Il cinema, a sua volta, registra un tentativo di incursione negli spazi di Perry Rhodan con il film S.O.S. aus dem Weltall (1967), una coproduzione italo-tedesco-spagnola per la regia di Pino Zeglio distribuita in Italia con l’eloquente titolo di Quattro – tre – due – uno… morte!, che fu girata in gran parte sulle isole Canarie (gli scenari desolati di Fuerteventura avrebbero dovuto simulare l’ambientazione lunare) e in cui Lang Jeffries svolgeva la parte del protagonista. Il film tradisce tutta l’inadeguatezza del basso budget di cui è dotato, ma con il passare del tempo, come spesso avviene con operazioni di questo tipo, è assurto al rango di vero e proprio cult, e non soltanto per gli (anzi soprattutto per i non) appassionati della serie (“leggendario” per la sua bruttezza, lo definisce Klaus N. Frick, che lo assume a campione del trash). Si segnalano anche tre Hörspiele (drammi radiofonici, un genere particolarmente caro al pubblico tedesco) nel 1976 e numerose operazioni di merchandising, con pupazzi, modellini di astronavi, armi giocattolo e così via (i cultori di Perry Rhodan sembrano nutrire una predilezione per i dettagli tecnici o pseudo-tecnici) e persino due dischi che hanno goduto di un discreto successo in hit parade: Countdown (1971) di un certo Sherman Space e Two Million Lightyears From Home del gruppo olandese dei Sensus.
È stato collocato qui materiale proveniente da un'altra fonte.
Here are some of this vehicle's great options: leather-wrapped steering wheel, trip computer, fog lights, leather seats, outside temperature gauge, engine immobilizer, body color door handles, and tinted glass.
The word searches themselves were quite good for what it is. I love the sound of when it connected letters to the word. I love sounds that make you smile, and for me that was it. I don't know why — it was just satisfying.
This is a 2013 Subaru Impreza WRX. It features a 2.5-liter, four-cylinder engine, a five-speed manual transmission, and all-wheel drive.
Al di là di queste iniziative, in fondo sporadiche o collaterali al fenomeno principale (il merchandising si sviluppa e si rivela particolarmente fiorente intorno alle serie fantascientifiche che diventano oggetto di culto, come dimostrano anche gli esempi di Star Trek o di Guerre stellari), una vera esplosione di attività correlate a Perry Rhodan si è avuta con l’espandersi e il diffondersi della Rete, grazie alle immense possibilità che essa offre agli appassionati di entrare in contatto tra loro, di scambiarsi informazioni, di organizzare incontri, mailing list, istituire club e centri di discussione e così via, nonché alla stessa casa editrice di presentare nel modo più accattivante i propri prodotti, fino a costruire un vero e proprio universo virtuale in cui i personaggi incontrati sulla carta acquistano un volto, una storia, un contesto tangibile (al momento attuale il sito ufficiale si trova all’indirizzo https://www.perry-rhodan.net).
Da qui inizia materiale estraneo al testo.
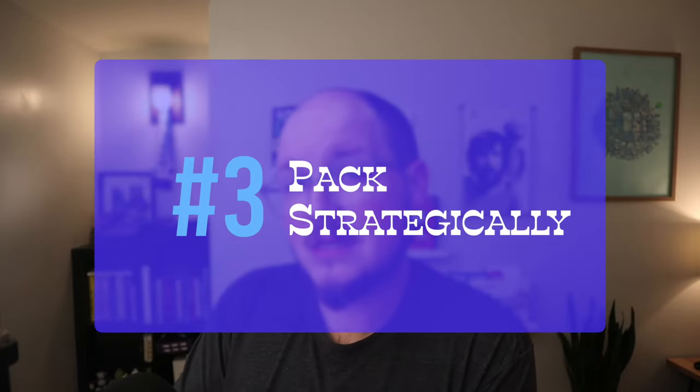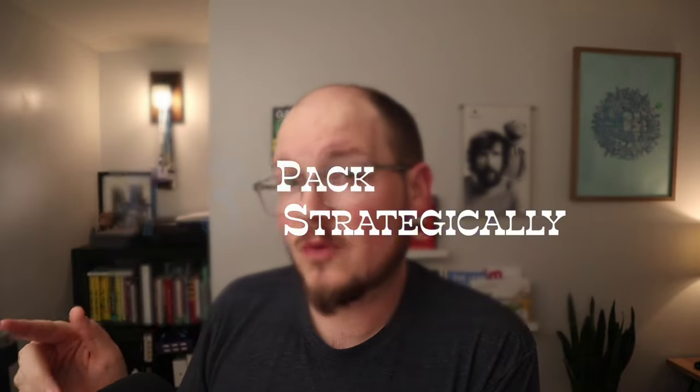Tip number three to maximize your stay: pack your bag strategically. You can't check in until four o'clock, although they let us get into our room a little bit early, but you can get into the water park as early as one in the afternoon. Get there early, have a bag of towels and swimsuits — whatever you need for the park — separate from the rest of your luggage. You might even consider wearing your swimsuit to the hotel so you can get there, check in real quick, and hit the water park right away. Then you have all afternoon and all evening — the water park closes at 8 p.m. if you can last that long. It's just a way to really maximize your time there.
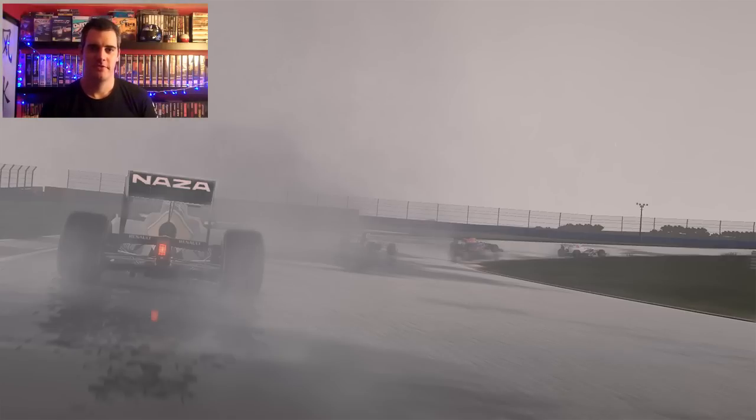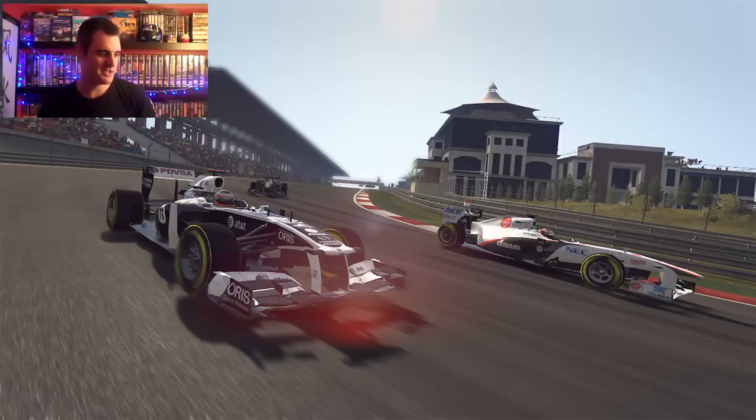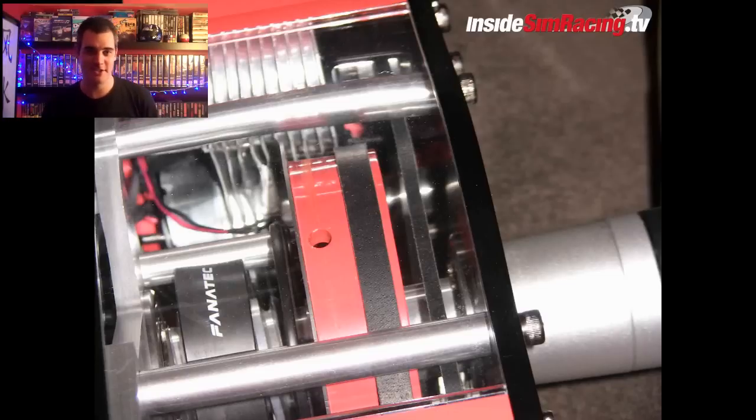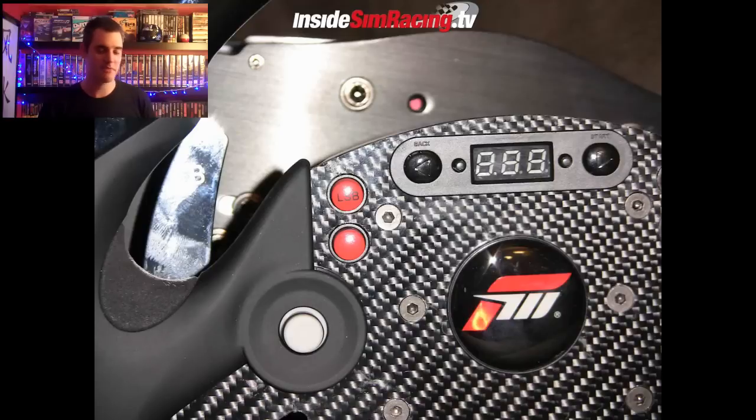Hello viewers and welcome to another brief video. We've got our hands on a couple more Formula 1 screenshots, so we can see turn 7 there of Turkey in the rain and turn 1 as well. First I thought that was Brazil actually — it's very much like the Senna S isn't it, the beginning of the circuit.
Ma qual è dunque il contenuto della saga di Perry Rhodan? Mi soffermerò essenzialmente sul progetto iniziale, ancora circoscritto e non afflitto da quella elefantiaca dilatazione delle prospettive che in seguito ha reso praticamente impossibile a un non adepto il districarsi nell’universo rhodaniano. Perry Rhodan è, secondo lo schema di azione tracciato dagli iniziatori della serie originale, un astronauta delle forze spaziali occidentali che viene scelto per capitanare la prima spedizione sulla Luna, nel 1971. Sulla Luna, tuttavia, una sorpresa attende l’equipaggio terrestre, composto in tutto da quattro uomini: sul satellite, infatti, si imbattono nei resti di un’astronave interstellare – in avaria e costretta a rifugiarsi sul lato lunare invisibile dalla Terra – appartenente a una civiltà progreditissima, gli arkonidi (dal pianeta Arkon, dal quale provengono), i signori della galassia. I due arkonidi sopravvissuti, uno scienziato (Khrest) e la comandante dell’astronave (Thora), vedono nei terrestri un popolo che corrisponde all’ideale di razza giovane e forte e ben presto individuano in loro il ceppo destinato a rivitalizzare la civiltà arkonide, esausta e sul ciglio della decadenza. A poco a poco Perry Rhodan saprà conquistarsi la fiducia di Khrest, nonché l’amore di Thora, imporrà il proprio carisma a tutti i popoli della Terra divisa che riunificherà sotto di sé, e andrà avanti, verso sempre nuove avventure.

Dallo schema sommariamente tracciato, appare evidente come Perry Rhodan non si presenti con le caratteristiche di aggiornamento di un mito preesistente, di riscrittura con mezzi diversi da quelli tramandati dalla tradizione, quanto piuttosto come tentativo di creazione di un mito nuovo, che proietta su un piano simbolico gli impulsi della civiltà tecnologica dei primi anni Sessanta e sullo stesso piano risolve, con una regressione favolosa, le sue ansie sociali e politiche. Questa fondazione mitica, tuttavia, si presenta in realtà come rifondazione laddove riassorbe in sé figurazioni e archetipi del passato, sia da un punto di vista tematico che strutturale. In particolare, sono numerosi ed evidenti gli elementi che rimandano alla categoria della saga, in primo luogo la centralità dell’eroe, la peripezia, l’autorialità collettiva.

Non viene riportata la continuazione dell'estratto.